# A few for a friend



## ThreeRiversEsox (Mar 27, 2008)

Made these guys for our trip to Lunge Lodge in Ontario next week. 4 1/2" long by 3/4" wide, basswood twitchbaits... They have a nice wide wobble with a little belly roll, and have done well in the cold water here in PA for me. So this will be their test... (same bait just angled to show the scales, top bait is prism tape, bottom bait is gloss over flat black)


----------



## pizza (Apr 4, 2008)

those look great! Love the colors. Is the top bait a prizm tape over foil(with a layer of clearcoat in between?)? Or prism tape over silver paint?

And are the lips flat?

thanks.


----------



## vc1111 (Apr 13, 2004)

Nice work. I like the black the best. I've always wondered if a black crank would work. I know it does for bass, but I've not tried it for musky.


----------



## ThreeRiversEsox (Mar 27, 2008)

Thanks for the compliments guys! Pizza- the first one is just prism tape cut out to the shape, and then sprayed over with white and light blue scales. Since I'm still using spray cans  I try to tone down the brightness of the tape with a light scale pattern, and it gives it a cool flash when twitched. The orange belly was requested, I don't know if that's the route I would've went for myself .. maybe he was thinkin contrast?? The lips are square and flat.


----------



## vc1111 (Apr 13, 2004)

Post some pictures if you score with those Evan. They should work well for you.


----------



## pizza (Apr 4, 2008)

thanks for the info, would have never guessed. I think I got some prism tape at hobbyland (in the pinewood derby car section)but haven't used it. Its got a bunch of reflective squares maybe 7mmX7mm or so that are all adjacent to each other. Add another thing to my list of "must try this out".....it is pretty obnoxious. As much as I avoid and hate making scales, I'll give it another shot. But I need to find a better mesh that will leave more of the prism sticker showing through. Maybe I'll hack up one of my backpacks with the mesh backpocket? Or dig up the bag for my slumberjack sleeping pad lol...

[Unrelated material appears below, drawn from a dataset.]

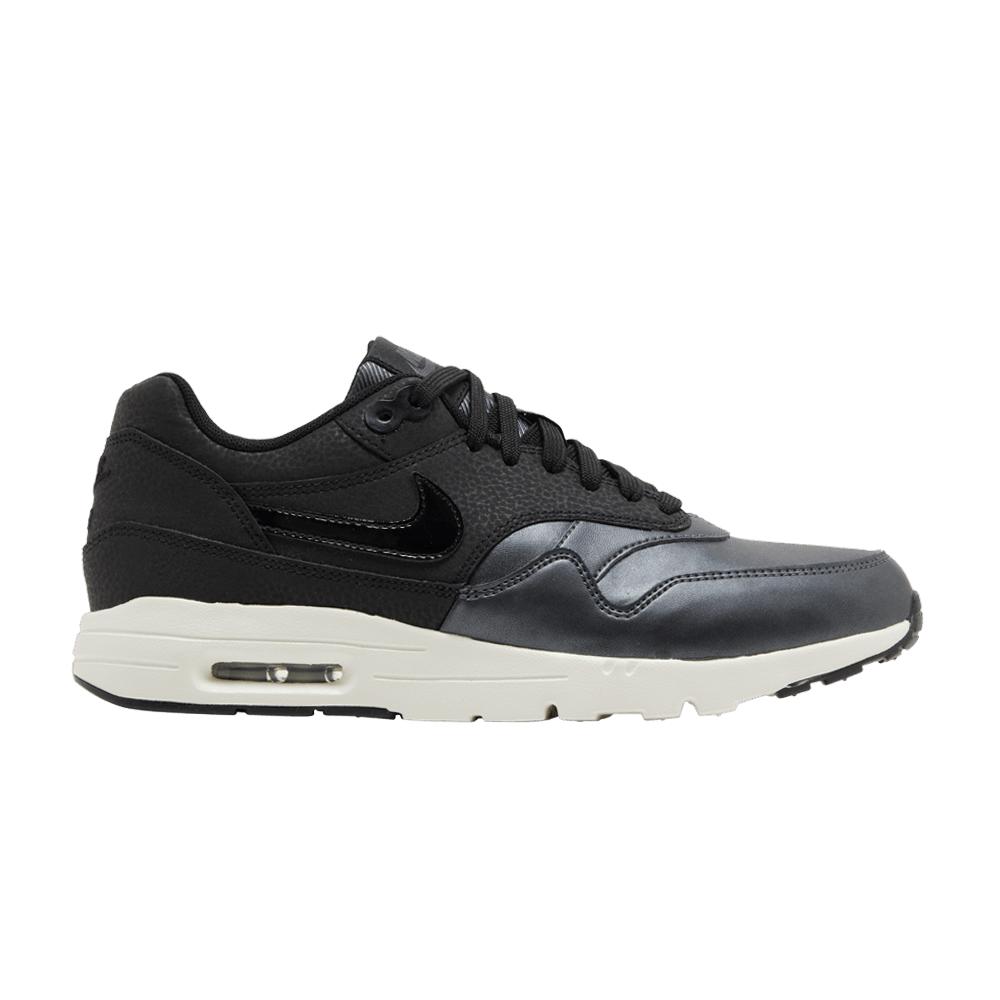 Women's Air Max 1 Ultra SE 'Metallic Hematite'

I've also got some other tape stuff that is basically clear tape with reflective scales, that's what I thought you were using. 

Cheers to the rattlecan!


----------



## ThreeRiversEsox (Mar 27, 2008)

I've seen the clear stuff with the reflective scales, it looks really good, I have a bunch of Crane Baits that were made with it. I found the stuff I used at a craft store, they had all types of colors and pattern tapes. It comes in sheets, probably 5"x7" or so. And if you get to a Wal-Mart, just pick up a laundry bag...they're perfect for scaling, and cheap. 

I'm hopin to have a ton of pictures, so I will gladly keep you guys up to date on the catches! Thanks!


----------